The “port-out” scam is used by identity thieves once they have collected critical information about you -- through phishing attempts or from major data breaches. They use your name, phone number, Social Security number, date of birth, etc. to call your mobile phone service provider pretending to be you and tell them that you're switching to another company and want to keep your phone number.

What to Know

  • Transferring your number from one carrier to another is a process called "porting" that shuts off the phone of the original user and forwards all calls to the new device. It can take up to 24 hours to complete and during this time, both phones could be functional.
  • During this window of opportunity, a scammer can have access to all of your text-based authentication codes, too, meaning any text messages that you receive on your phone may also be seen by the scammer on the phone to which your number is being transferred.
  • This scam is not new, but it has reached a boiling point in the last few months resulting in a flood of complaints from victims. Earlier this year, T-Mobile, AT&T and other mobile carriers began encouraging their customers to add extra security features to their accounts (e.g., a unique passcode/PIN, additional security questions).

What to Do

  • Add a unique PIN to your phone account - All carriers have additional options to secure your account against port-outs. Contact your mobile provider directly about adding porting and/or port out security on your account.
  • Watch out for phishing attempts - Scammers will typically send out phishing emails disguised as important alerts and warning messages to scare you into clicking a malicious link.
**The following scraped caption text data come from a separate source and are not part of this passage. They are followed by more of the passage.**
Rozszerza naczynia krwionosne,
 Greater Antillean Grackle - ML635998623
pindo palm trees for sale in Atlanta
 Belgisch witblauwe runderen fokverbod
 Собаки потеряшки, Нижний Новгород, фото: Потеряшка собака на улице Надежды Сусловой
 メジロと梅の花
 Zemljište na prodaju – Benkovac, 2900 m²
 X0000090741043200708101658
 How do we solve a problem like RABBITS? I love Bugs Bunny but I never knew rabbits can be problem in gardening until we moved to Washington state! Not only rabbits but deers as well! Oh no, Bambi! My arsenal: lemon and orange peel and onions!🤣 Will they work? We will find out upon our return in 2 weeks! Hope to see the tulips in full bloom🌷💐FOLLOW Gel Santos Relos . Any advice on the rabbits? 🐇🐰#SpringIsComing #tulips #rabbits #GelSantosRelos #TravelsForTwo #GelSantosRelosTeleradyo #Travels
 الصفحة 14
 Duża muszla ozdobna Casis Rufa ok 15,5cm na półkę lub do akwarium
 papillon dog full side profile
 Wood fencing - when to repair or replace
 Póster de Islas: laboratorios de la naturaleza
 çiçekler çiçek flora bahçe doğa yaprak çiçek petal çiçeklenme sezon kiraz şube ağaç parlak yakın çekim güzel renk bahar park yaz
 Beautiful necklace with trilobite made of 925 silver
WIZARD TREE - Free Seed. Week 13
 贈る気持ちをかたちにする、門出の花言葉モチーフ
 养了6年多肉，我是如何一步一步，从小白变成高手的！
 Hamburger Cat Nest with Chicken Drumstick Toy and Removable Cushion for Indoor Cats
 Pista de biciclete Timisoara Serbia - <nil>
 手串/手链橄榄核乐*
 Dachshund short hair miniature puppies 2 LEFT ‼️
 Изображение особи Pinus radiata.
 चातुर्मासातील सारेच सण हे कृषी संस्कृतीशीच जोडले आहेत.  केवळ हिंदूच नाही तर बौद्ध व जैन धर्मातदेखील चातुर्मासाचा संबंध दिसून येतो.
If you have any concerns about your accounts, always log in directly to a company's website or call its customer service line and proceed from there.
  • Beware of social engineering scams - Don't reveal any personal information to strangers, especially on online chats, no matter how casual and friendly the conversation may be – scammers can pose as people that you may know - with fake Facebook accounts - so please be vigilant (even with your friends).
  • Contact your carrier immediately if your phone suddenly gets deactivated - If you suddenly lose your network connection, contact your carrier immediately. Use another phone, if needed. Identity thieves are counting on this window of opportunity to perform their deeds, so don’t delay.

This material is presented for informational purposes only and should not be construed as individual advice.

KeyBank does not provide legal advice.